**Work item**:
Please retype the records below exactly, from the first line down to and including the line with "Person prüft Produktangebote".
----------
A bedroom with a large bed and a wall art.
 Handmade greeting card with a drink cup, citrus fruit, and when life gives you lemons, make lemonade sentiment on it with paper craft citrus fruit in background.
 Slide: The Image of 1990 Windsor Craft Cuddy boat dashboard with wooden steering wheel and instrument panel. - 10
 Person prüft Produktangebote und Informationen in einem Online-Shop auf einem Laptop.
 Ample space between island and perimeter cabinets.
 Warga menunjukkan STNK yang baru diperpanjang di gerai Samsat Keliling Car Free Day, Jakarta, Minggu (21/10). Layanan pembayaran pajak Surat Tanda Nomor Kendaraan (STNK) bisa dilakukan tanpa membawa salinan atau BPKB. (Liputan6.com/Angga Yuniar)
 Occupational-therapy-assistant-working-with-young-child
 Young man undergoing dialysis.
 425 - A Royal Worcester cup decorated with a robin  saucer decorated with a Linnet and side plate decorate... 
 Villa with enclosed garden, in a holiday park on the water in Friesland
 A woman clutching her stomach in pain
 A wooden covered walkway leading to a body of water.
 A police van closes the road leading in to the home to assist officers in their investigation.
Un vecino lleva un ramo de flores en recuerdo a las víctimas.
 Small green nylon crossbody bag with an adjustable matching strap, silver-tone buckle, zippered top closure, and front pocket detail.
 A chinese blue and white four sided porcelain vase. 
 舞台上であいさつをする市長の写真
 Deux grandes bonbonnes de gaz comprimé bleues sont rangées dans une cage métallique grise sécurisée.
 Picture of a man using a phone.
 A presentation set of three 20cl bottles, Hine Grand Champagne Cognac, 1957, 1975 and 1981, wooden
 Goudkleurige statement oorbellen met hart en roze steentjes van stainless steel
----------
**Exercise solution**:
A bedroom with a large bed and a wall art.
 Handmade greeting card with a drink cup, citrus fruit, and when life gives you lemons, make lemonade sentiment on it with paper craft citrus fruit in background.
 Slide: The Image of 1990 Windsor Craft Cuddy boat dashboard with wooden steering wheel and instrument panel. - 10
 Person prüft Produktangebote und Informationen in einem Online-Shop auf einem Laptop.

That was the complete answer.